Palabras más, palabras menos
Según las últimas estadísticas, vivimos en un país donde la
mitad de los chicos que egresan de una escuela secundaria, sea de gestión
pública o privada, no comprende aquello que lee. Peor son en matemática donde
el 70% sale sin los conocimientos básicos, eso explica, quizás, por qué se
fascinan con alguien que habla de números y economía, aunque en realidad no
diga nada concreto o demostrable. La degradación de la lengua que trae consigo
la violencia y la vulgaridad como herramientas argumentales para defender ideas
que se piensan con treinta segundos de un reel de Instagram, también
acota la cantidad de palabras que se utilizan: menos elementos para intentar
contar un mundo vez más complejo. Tener menos palabras para explicar más cosas
nos quita la especificidad de lo que se dice, transformando todo en una masa
amorfa donde todo es lo mismo y procesos complejos pueden reducirse con dos o
tres palabras, como un niño que explica el mundo con las cuatro emociones con
las que cree que vive.
Hay una idea que responde a la misma pereza intelectual de
usar cada vez menos palabras, que cree que esta degradación de la lengua que
vivimos y la inauguración de la técnica de argumentar de forma violenta y
guaranga, arrancó el 10 de diciembre de 2023, el día que asumió Javier Milei,
debido a que son el presidente y sus seguidores el ejemplo vivo del insulto y
la violencia verbal como argumento válido, pero sobre todo, como plato fuerte
de sus tesis en las que empasta una serie de nombres propios que el 99% de los
que lo escuchan los entienden, pero le dan la razón asumiendo la erudición del
otro ante el desconocimiento propio.
No sé si obedece a las reglas de la ansiedad, a las de
ponerle una cara a nuestros dramas o a tratar a toda costa de no hacernos cargo
de haber estado paveando mientras las desgracias se cocinaban a fuego lento,
pero en Argentina parece que desconocemos el concepto de “procesos”. Si leemos
el dato que la calidad de la educación argentina empezó a decrecer en una curva
cada vez más empinada hacia abajo, a partir del año 2000, la primera conclusión
que se saca es que la culpa es de De La Rúa que gobernaba por aquellas épocas y
terminó con un gobierno fallido, que, para quienes lo vivimos, todavía es una
marca indeleble. Poner el resultado que empieza a asomarse en el 2000 en un
proceso que llevó a la degradación educacional es algo más complejo, porque
quizás, requiere asumir que cuando Menem gobernaba y descentralizó la educación
nacional, rompiendo con la fórmula sarmientina que, cual máquina cultural,
produjo ciudadanos argentinos incorporando a cualquier persona de cualquier
nacionalidad y de cualquier idioma, bajo un único lenguaje, historia y bandera
nacional.
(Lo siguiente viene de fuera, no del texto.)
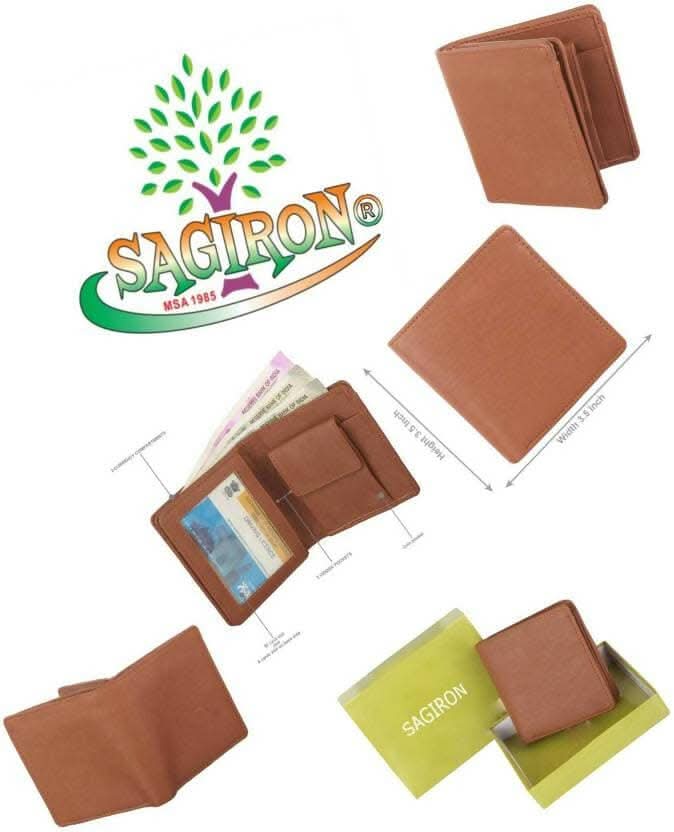 Men Casual Tan Artificial Leather Wallet (7 Card Slots)
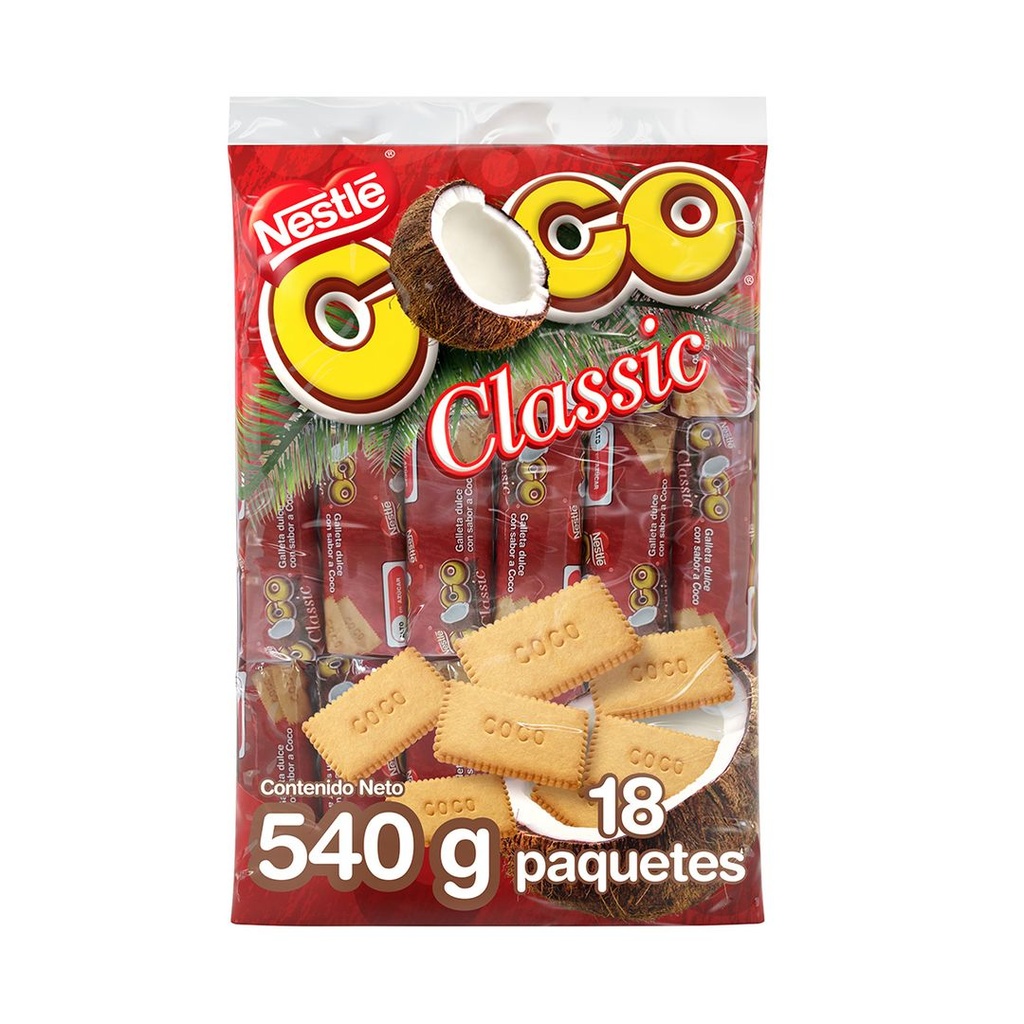 Galleta Nestle de Coco Classic 540gr paq x 18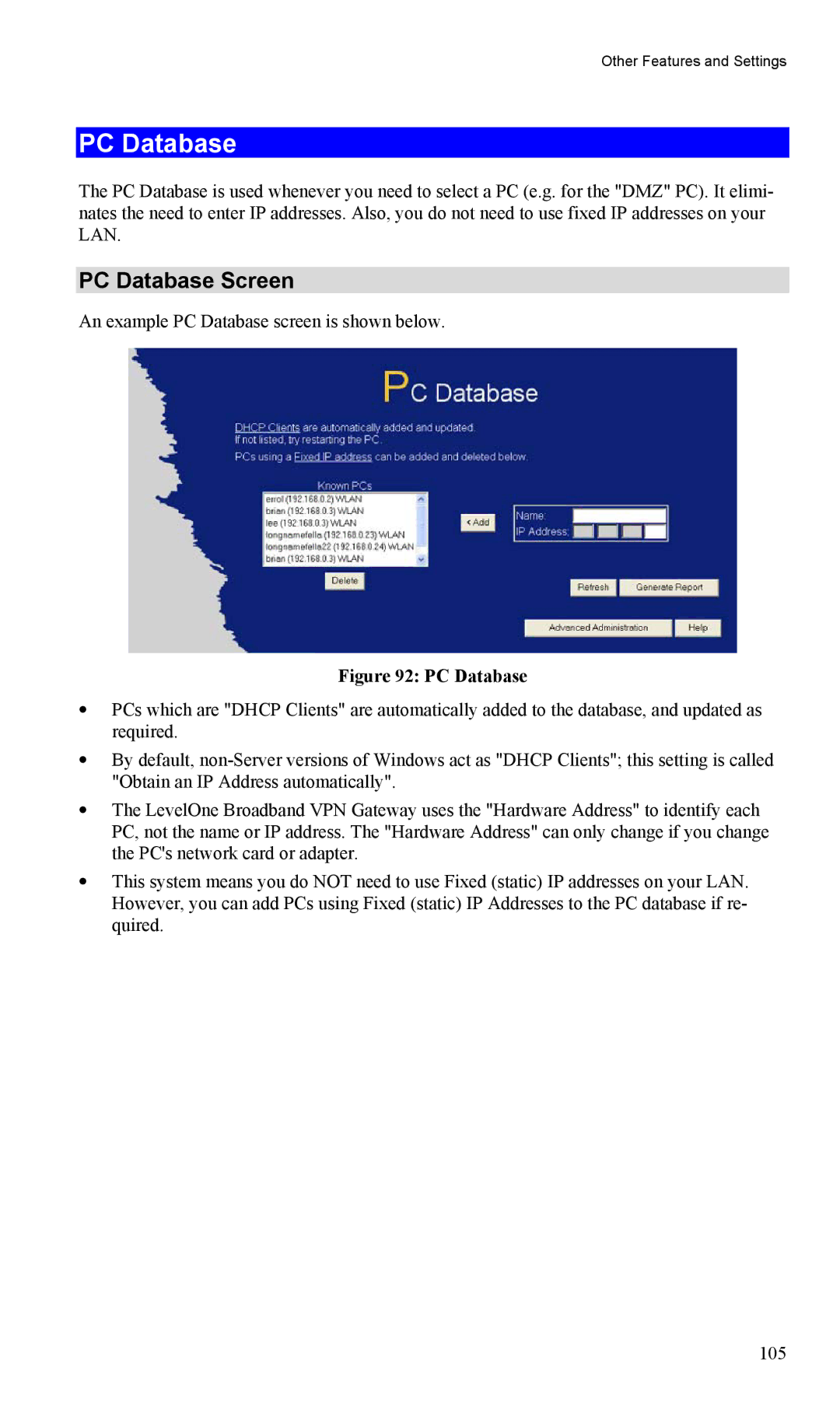 LevelOne FBR-1404TX user manual PC Database Screen 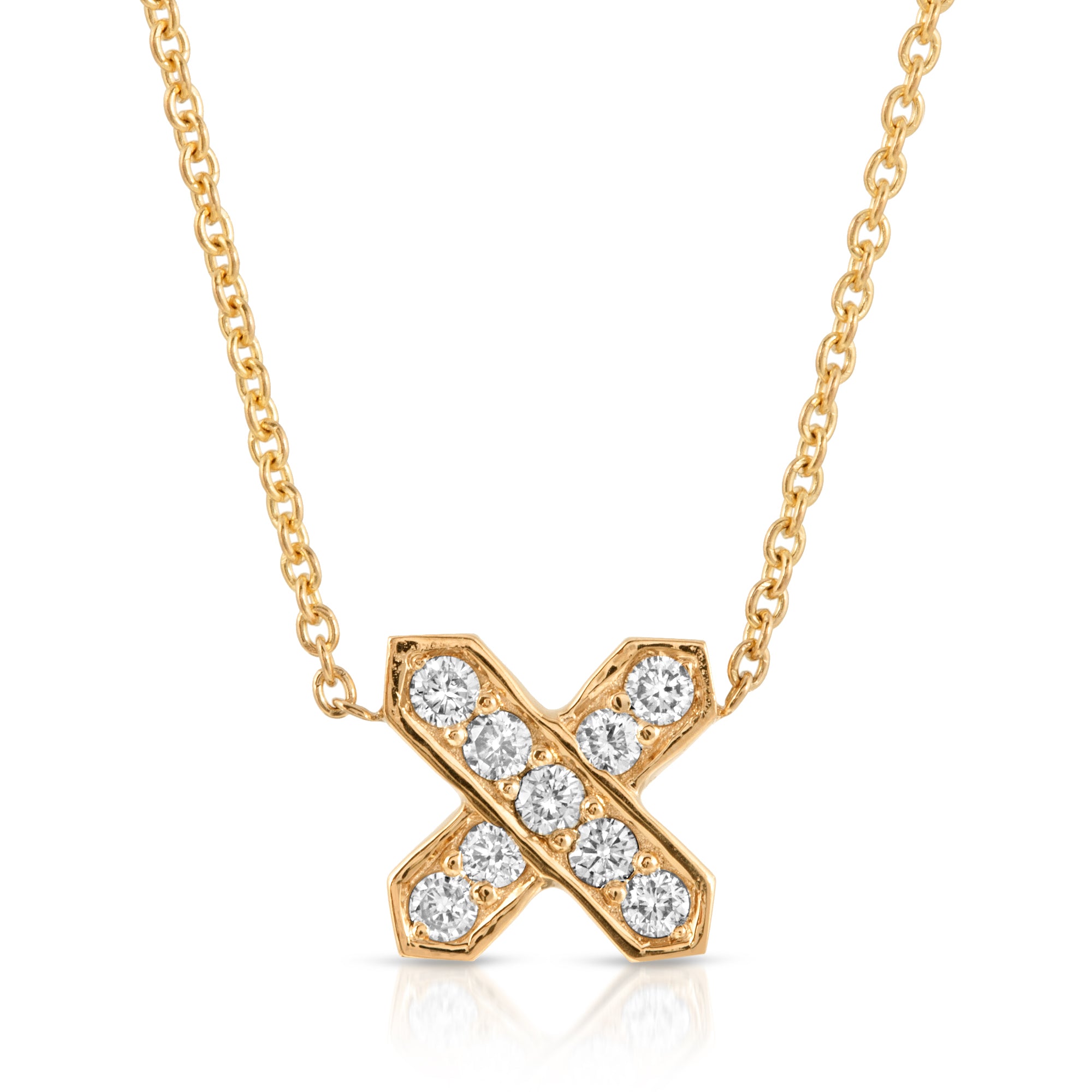 “Equis” 14-karat gold X necklace with diamonds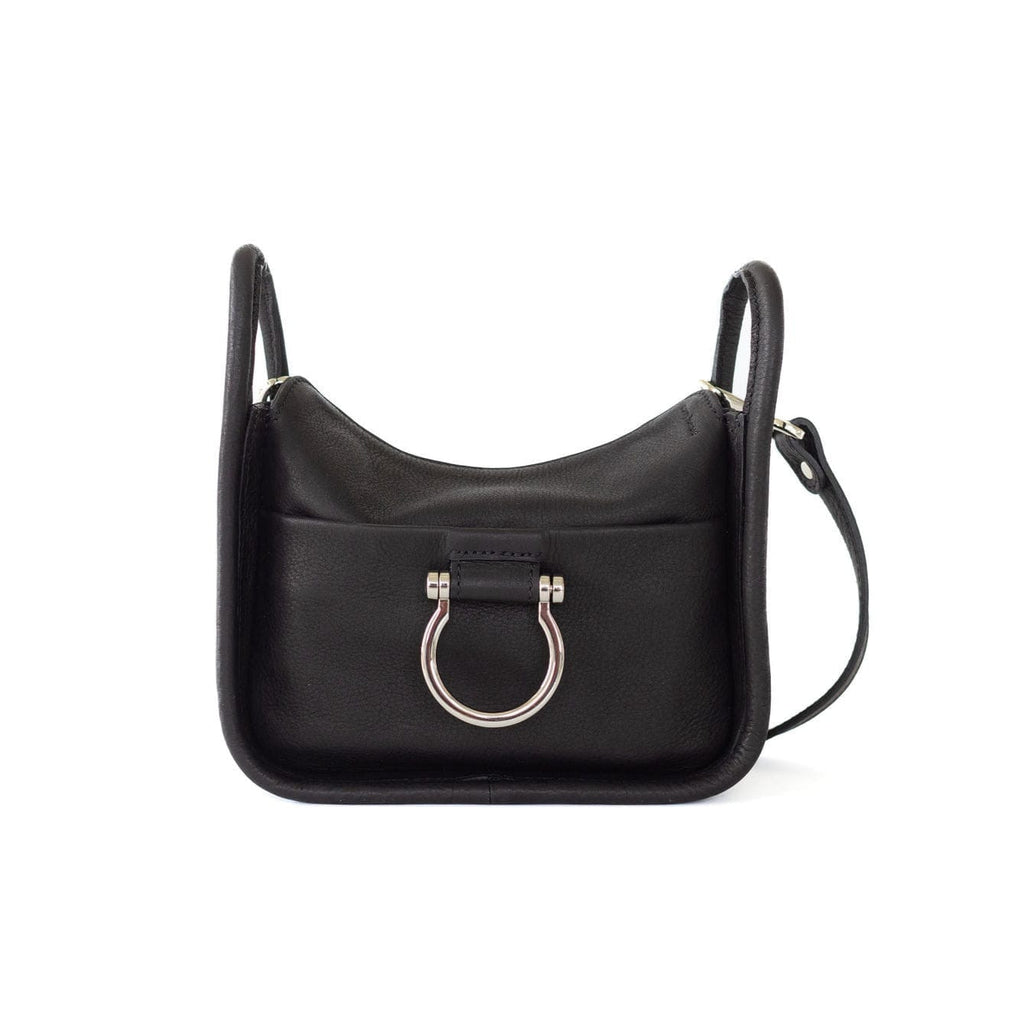 Frida Mini Shoulder Bag - Silver Black Raw Leather | Sapahn.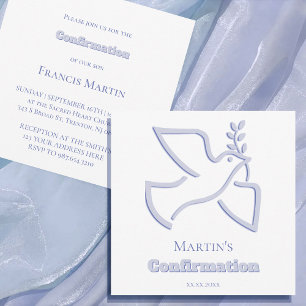 blaue Taube Firmung kleine Größe Einladung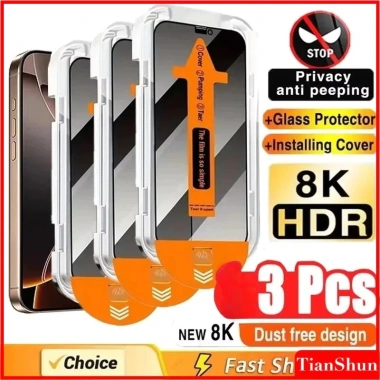 Bộ 3 miếng dán bảo vệ màn hình riêng tư kính cường lực, cho iPhone 17‑11, Pro Max, Air, XS Max, X, XR, 7/8 Plus - 59.400đ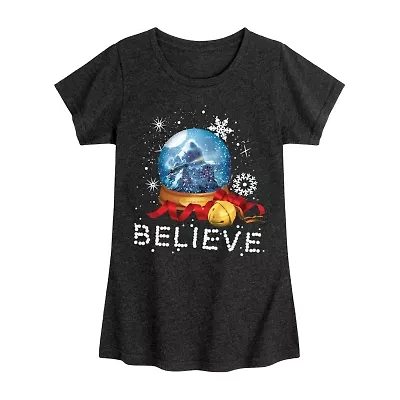 Believe Snowglobe Big Kid Girls Crew Neck Short Sleeve T-Shirt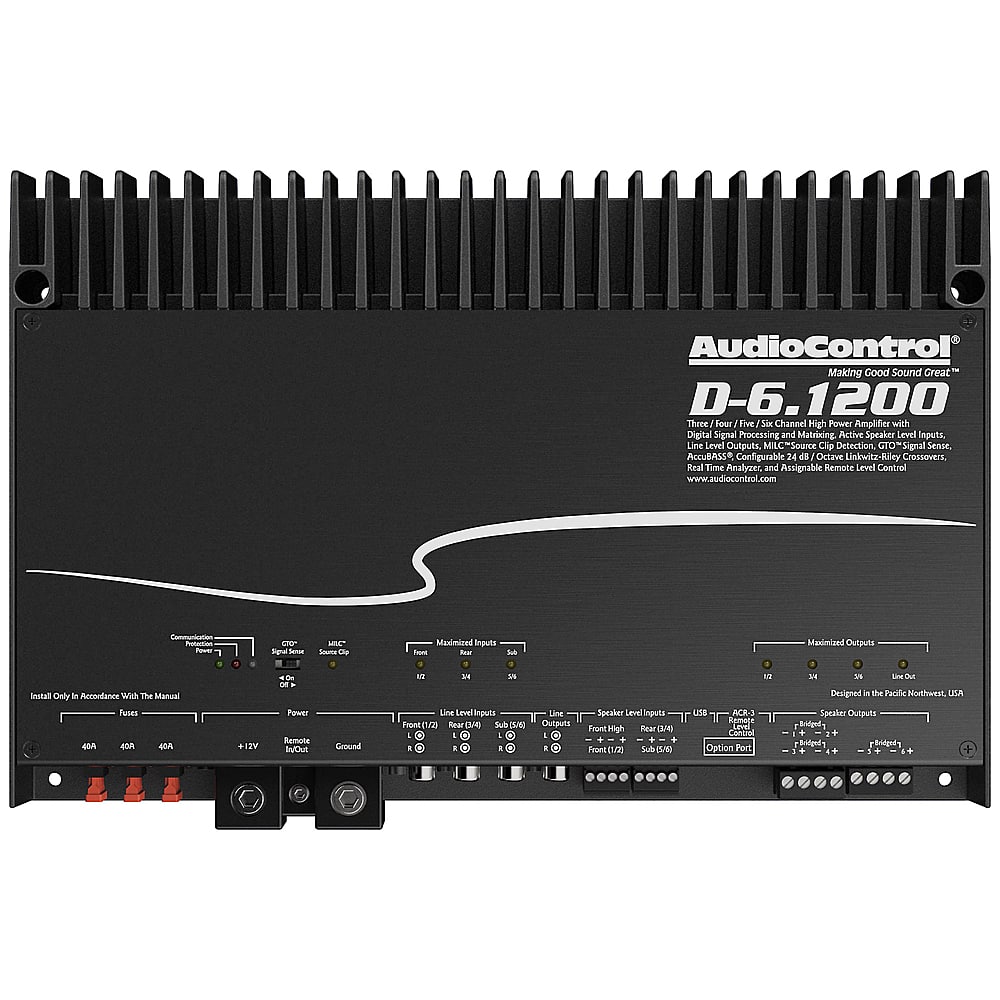 AudioControl - 1200W 6-Channel Class D Matrix DSP Amplifier - Black - Front_Zoom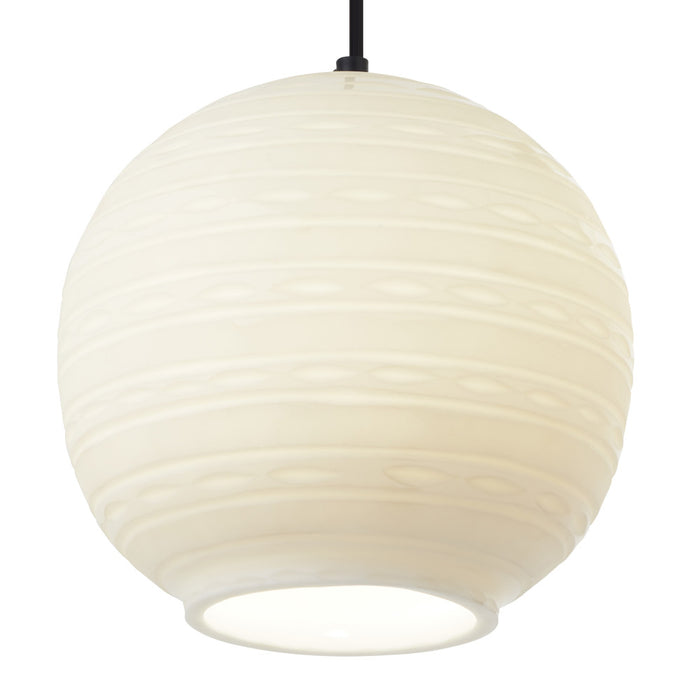 9.5" W Scarlett Modern White Blown Glass Globe Shade Pendant Light. Shade closeup-On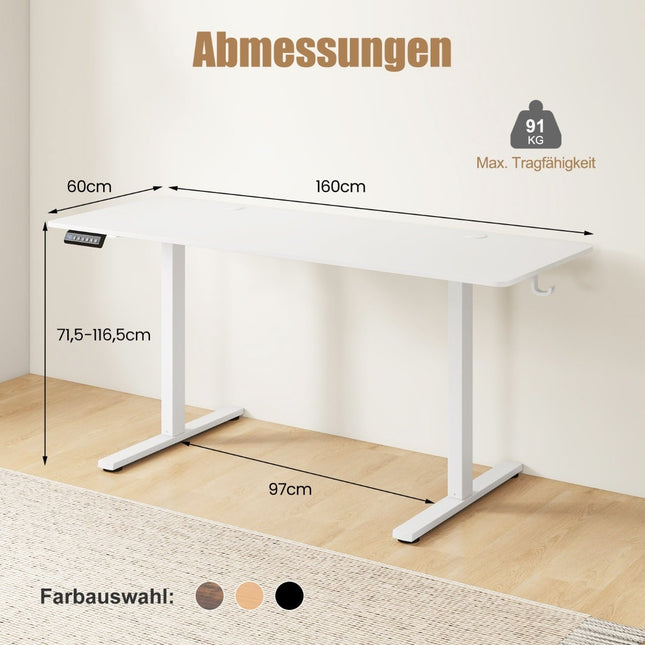 Elektrisch höhenverstellbarer Schreibtisch mit Memory-Funktion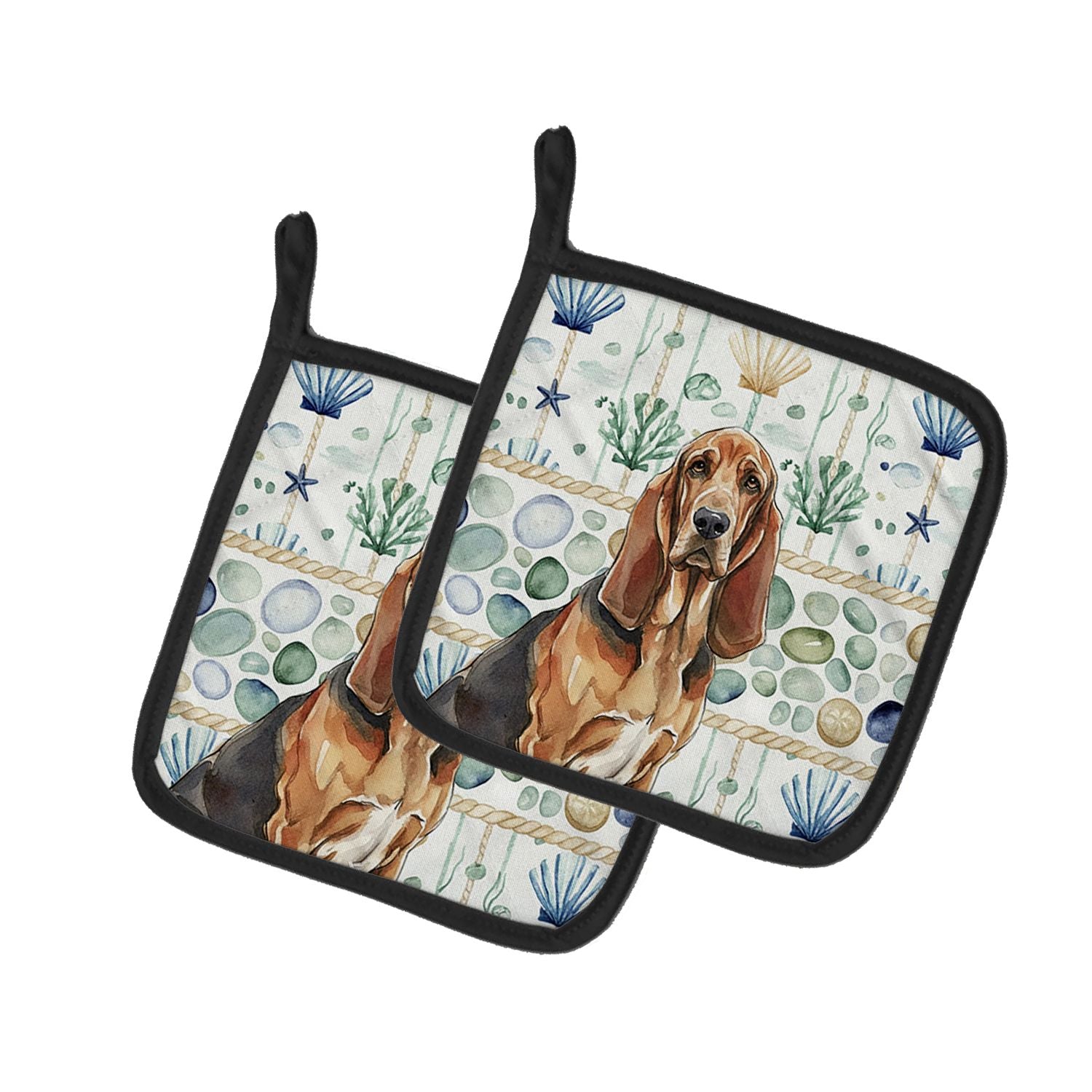 Liver and Tan Bloodhound Coastal Sea Glass Pair of Pot Holders Pair 7.5x7.5 Quilted Insulated Hot Pads Decorative Kitchen Gift M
Los efectos de las decisiones tomadas en los ’90, tanto a nivel de
centralización como de salarios docentes, de programas educativos que empezaron
a cambiar para adoptar programas españoles como el fallido EGB y los años
siguientes otro y luego otro, trajeron consigo un resultado que recién se
empezó a visualizar en el 2000. Bastante rápido. Pero nadie pudo avistar ni
detener, incluso hasta el día de la fecha.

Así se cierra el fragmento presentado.